Report on the Dynamics of Multimorbidity Patterns and Their Link to Socioeconomic Status and Sustainable Development Goals

1.0 Executive Summary

This report details a longitudinal study analyzing the evolution of multimorbidity (the presence of two or more chronic diseases) and its association with socioeconomic conditions. The findings provide critical evidence for public health policy, particularly in the context of achieving the United Nations Sustainable Development Goals (SDGs). The analysis reveals that socioeconomic disadvantage significantly accelerates the progression to complex and severe disease patterns, undermining progress towards SDG 3 (Good Health and Well-being) and exacerbating challenges related to SDG 10 (Reduced Inequalities). Key gender-specific drivers were identified, highlighting the need for targeted interventions to advance SDG 5 (Gender Equality) in health.

2.0 Introduction: Multimorbidity as a Barrier to Sustainable Development

The increasing prevalence of multimorbidity presents a formidable challenge to global health systems and sustainable development. The co-occurrence of multiple chronic conditions is linked to reduced quality of life, increased healthcare costs, and functional decline, directly impeding the achievement of SDG 3, which aims to ensure healthy lives and promote well-being for all at all ages. Furthermore, evidence suggests that the burden of multimorbidity is not distributed equally, with socioeconomic factors playing a crucial role. This study addresses this gap by examining the dynamic trajectories of disease patterns over time and their relationship with socioeconomic gradients, providing insights essential for crafting policies that promote health equity as envisioned in SDG 10.

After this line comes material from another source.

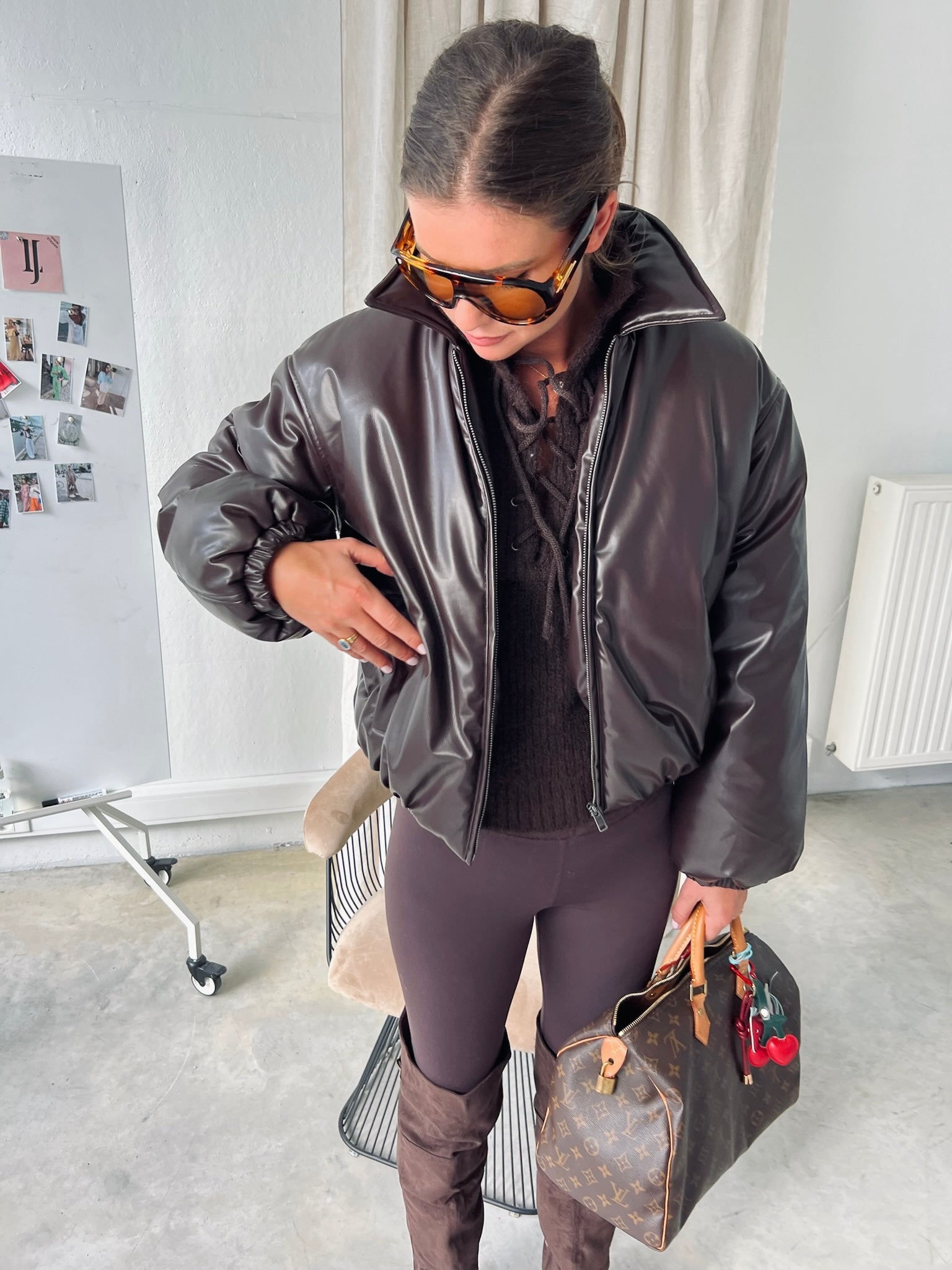 OBJCleo LS short jacket seal brown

3.0 Methodological Framework

3.1 Study Design and Population

An observational, longitudinal study was conducted using anonymized health records from the Population Health Database of the Andalusian Health Service in Southern Spain. The study cohort comprised 341,343 individuals aged 50 and over, with data collected over a ten-year period from 2011 to 2021. This large-scale, long-term approach allows for a robust analysis of disease progression and its determinants.

3.2 Data Analysis and Socioeconomic Metrics

The analytical approach was structured to identify and track changes in health status over time and link them to social determinants of health.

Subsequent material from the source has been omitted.